We have now added a section discussing the difference between the intracranial and scalp EEG experiment LP timing (subsection “Evoked LPs detected in scalp EEG reveal asymmetric induction and emergence dynamics”, last paragraph). This pattern is likely due to the differences in experimental design across the two studies: the intracranial study involves a rapid emergence after the drug is completely shut off, and after ROC patients continue to progress to full awakening. In contrast, the scalp EEG study involved a slow emergence, as drug levels are gradually reduced in a stepwise fashion and patients are held in the emerging state for longer periods, as the drug infusion is still ongoing at low levels when patients reach ROC (Figure 4A), maintaining patients in the emerging state for longer periods. We therefore believe that these differences in arousal level around ‘ROC’, and the fact that ROC represents a somewhat different state (i.e. a prolonged plateau of low arousal in the scalp EEG case), accounts for the differences between groups.

For the difference between 4H and 4I, we apologize that it was not sufficiently clear that Figure 4H is the single subject example, whereas Figure 4I is the group analysis including all subjects. The Figure 4H panel shows data from the same single subject used in panels 4A-F, whereas the summary across subjects is in 4I. We plot both the single subject and the group because individual subjects emerge at different times throughout this long stepped infusion, and as discussed in the text only a subset of the scalp EEG subjects exhibit clear LPs. Because of this heterogeneity in timecourses, averaging the timeseries directly obscures emergence dynamics in individual subjects. We therefore show both the variance across trials within a subject (4H) and the summary statistics across all subjects (4I). We have updated the figure title and legend to make it clear that 4h displays temporal evolution of the response in one subject, whereas 4I displays the whole group. This particular subject had a slow, prolonged emergence, as can be seen by the slow return of behavioral responses over >20 minutes (Figure 4B) so that is why the LPs continue to occur 20 minutes after the defined point where ROC begins (as the subject is still undergoing the emergence process, responding to only a subset of stimuli, at this time). To clarify that the ROC+20 timepoint is still during the emergence process in this subject, we have therefore also updated the figure axis labels from "ROC+20" to "Late ROC", to clarify that the subject is still within the ROC window during this time.

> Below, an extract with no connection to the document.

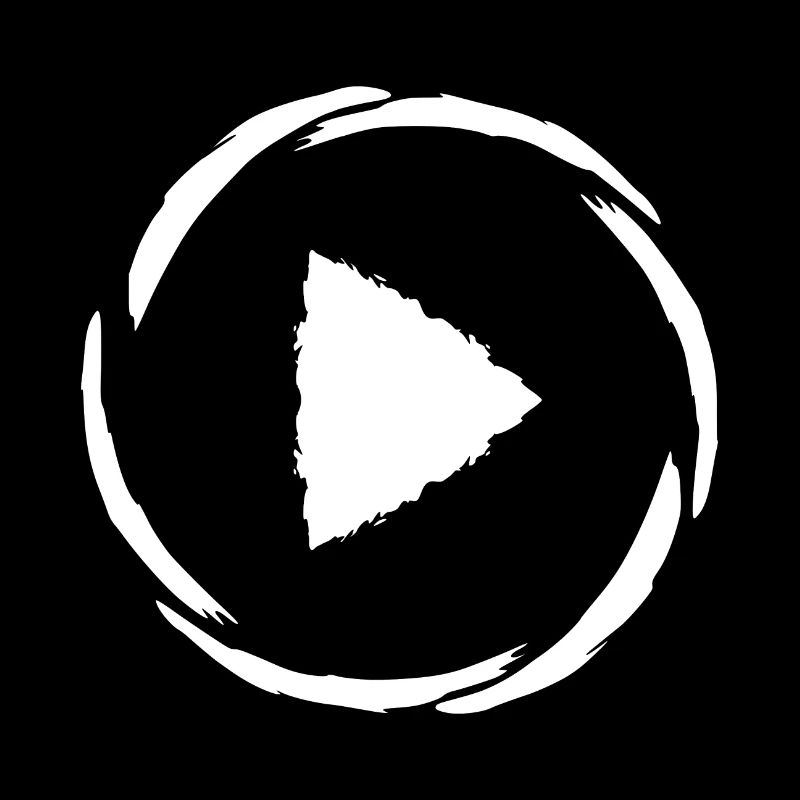 Play symbol button button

2) It should be noted that Figures 4H/4I/3D all appear to quantify the same thing (LP magnitude of some sort), but the exact quantity which the authors chose to plot differs (max/mean/median amplitude). As I pointed out in my original review, it would be good to unify units as much as possible among plots.

We have now updated Figures 3 and 4 to use the same processing steps across both datasets, displaying the mean ERP value in the main figures (mean over time, then mean over trials), and we have moved the peak ERP plots to the supplementary figure (median over trials, then max value of the absolute ERP peak). Figure 4I, 3D, now show the matched mean analysis, and the new Figure 4—figure supplement 1D, E shows the matched peak analysis across the group. Figure 4H is the single subject version (i.e. no mean over trials since the boxplot itself is displaying the variance over trials within the subject).

The results were slightly clearer when using different methods for scalp vs. intracranial EEG, because the scalp data has lower temporal SNR and higher trial number, and effects are more easily detected in the peak. By contrast, the intracranial dataset has higher tSNR but does not contain enough trials for a maximum-based estimator to be robust when large slow oscillations are present, due to insufficient trials for averaging in this high-variance condition, which causes some subjects to exhibit biased large peak values. However, the overall pattern of results is similar with both of these approaches (new Figure 3D, 4I; Figure 4—figure supplement 1D, E).